Date: Sat, 22 Oct 2005 16:42:30 -0400
To: WSFA members <WSFAlist at WSFA.org>, WSFA members <WSFAlist at WSFA.org>
From: "Mike B." <omni at omniphile.com>
Subject: [WSFA] Re: Beyond a Great Con...
Reply-To: WSFA members <WSFAlist at WSFA.org>

At 11:13 AM 10/22/2005 -0400, dicconf wrote:

>It is, however, dishonest to quote only part of a message, misinterpret
>it, and then suppress the other part which showed that the
>misinterpretation was groundless.

This logic seems to assume that the misinterpretation was intentional.  In
most cases of misinterpretation it is not.  It is a mistake that the one
doing it is unaware of until informed.  The deletion of the
counter-evidence would therefore not be intentional or dishonest as the one
doing so is likely to have considered it irrelevant...which may even be
what led to the misinterpretation.

Language is an imperfect mechanism for getting a thought from one brain to
another...but it's the best we have.  The written form of it is even more
problematic than the spoken form since there are no additional channels of
information to use for cross-checking (facial expression, tone of voice,
tempo of delivery, volume, hand gestures, employment of weaponry, etc.).
Misinterpretation, especially in this format, is easy to do, and very
common.  Attributing it to malice is often a mistake even greater than the
original misinterpretation, and is to be avoided.  See Keith's recent
message for a good way to handle any suspicion of this.

>Perhaps we should say that arguing metaphysics is boring.

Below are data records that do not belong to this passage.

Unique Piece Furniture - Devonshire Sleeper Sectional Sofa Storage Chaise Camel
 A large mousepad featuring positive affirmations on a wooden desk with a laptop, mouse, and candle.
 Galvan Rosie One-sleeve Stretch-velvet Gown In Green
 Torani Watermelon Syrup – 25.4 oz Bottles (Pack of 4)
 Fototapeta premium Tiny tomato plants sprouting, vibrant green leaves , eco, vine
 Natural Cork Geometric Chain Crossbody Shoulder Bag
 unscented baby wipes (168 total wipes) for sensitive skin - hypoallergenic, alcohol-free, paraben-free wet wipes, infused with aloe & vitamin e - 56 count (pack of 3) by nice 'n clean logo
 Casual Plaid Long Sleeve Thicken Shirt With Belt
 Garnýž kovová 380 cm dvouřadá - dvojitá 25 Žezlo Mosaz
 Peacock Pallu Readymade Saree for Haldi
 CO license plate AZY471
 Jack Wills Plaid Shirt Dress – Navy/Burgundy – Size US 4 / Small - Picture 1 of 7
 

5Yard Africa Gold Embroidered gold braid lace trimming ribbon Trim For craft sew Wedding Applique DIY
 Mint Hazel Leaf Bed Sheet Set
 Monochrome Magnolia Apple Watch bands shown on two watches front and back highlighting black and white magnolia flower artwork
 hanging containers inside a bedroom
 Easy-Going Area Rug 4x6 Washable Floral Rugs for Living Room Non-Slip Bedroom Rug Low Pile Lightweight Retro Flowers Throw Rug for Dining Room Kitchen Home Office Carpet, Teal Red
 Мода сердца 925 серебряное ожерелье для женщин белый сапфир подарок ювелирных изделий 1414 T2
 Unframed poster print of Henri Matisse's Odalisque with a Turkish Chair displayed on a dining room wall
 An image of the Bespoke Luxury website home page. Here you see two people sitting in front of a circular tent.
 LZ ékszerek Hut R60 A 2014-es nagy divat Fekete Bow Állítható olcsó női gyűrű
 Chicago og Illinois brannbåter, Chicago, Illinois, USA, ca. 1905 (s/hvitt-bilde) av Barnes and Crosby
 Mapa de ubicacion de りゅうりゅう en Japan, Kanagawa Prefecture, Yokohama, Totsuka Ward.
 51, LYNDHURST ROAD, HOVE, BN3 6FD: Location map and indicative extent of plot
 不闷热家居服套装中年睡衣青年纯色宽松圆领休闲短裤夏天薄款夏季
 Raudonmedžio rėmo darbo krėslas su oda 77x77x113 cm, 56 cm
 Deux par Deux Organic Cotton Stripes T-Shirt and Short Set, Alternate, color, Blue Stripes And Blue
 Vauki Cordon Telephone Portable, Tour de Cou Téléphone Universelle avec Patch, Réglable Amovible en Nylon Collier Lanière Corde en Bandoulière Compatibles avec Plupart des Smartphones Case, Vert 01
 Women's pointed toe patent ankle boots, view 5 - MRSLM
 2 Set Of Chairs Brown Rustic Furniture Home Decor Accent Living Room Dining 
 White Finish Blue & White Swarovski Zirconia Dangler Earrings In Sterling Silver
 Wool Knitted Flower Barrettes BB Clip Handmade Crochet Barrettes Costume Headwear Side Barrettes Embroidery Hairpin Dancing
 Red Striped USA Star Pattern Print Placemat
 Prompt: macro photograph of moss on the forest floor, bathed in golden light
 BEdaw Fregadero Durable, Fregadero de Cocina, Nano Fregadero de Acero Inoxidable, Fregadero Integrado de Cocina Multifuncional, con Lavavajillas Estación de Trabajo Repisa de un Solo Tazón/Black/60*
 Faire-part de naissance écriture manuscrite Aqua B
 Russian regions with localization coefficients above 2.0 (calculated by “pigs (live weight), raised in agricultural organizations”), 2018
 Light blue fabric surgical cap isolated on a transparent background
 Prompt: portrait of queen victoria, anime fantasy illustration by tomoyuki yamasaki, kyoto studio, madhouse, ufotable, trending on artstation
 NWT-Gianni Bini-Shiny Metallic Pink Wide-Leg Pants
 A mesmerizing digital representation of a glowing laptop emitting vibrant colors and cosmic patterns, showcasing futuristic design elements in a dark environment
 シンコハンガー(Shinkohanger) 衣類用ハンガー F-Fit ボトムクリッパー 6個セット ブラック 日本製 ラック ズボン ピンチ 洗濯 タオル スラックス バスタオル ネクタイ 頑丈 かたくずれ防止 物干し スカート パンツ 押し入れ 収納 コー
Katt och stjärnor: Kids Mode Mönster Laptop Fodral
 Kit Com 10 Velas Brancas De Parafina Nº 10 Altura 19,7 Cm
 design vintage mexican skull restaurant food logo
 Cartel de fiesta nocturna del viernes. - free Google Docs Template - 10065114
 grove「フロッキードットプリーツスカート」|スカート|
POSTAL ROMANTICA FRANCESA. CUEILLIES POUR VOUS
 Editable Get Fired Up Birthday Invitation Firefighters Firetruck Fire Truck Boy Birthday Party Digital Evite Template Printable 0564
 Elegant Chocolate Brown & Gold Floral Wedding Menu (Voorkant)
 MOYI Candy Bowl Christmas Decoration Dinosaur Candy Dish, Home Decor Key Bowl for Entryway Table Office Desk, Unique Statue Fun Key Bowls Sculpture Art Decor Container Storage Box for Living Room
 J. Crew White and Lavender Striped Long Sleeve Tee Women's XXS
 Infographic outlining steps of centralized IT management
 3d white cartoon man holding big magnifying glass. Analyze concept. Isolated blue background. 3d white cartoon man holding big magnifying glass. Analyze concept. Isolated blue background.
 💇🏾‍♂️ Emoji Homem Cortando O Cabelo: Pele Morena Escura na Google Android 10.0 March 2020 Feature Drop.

It can be.  It doesn't usually lead anywhere in most cases, since there is
little or no data to base anything on, merely groundless ideas and
arbitrary opinions about their worth.  For some that's enough to be of
interest, for others not so much.  I'm always interested in novel ideas
though, so I sometimes find it worth a bit of time.  Depends what's
competing for attention at the moment.

-- Mike B.
--
"The most amazing thing about the universe is that it exists at all.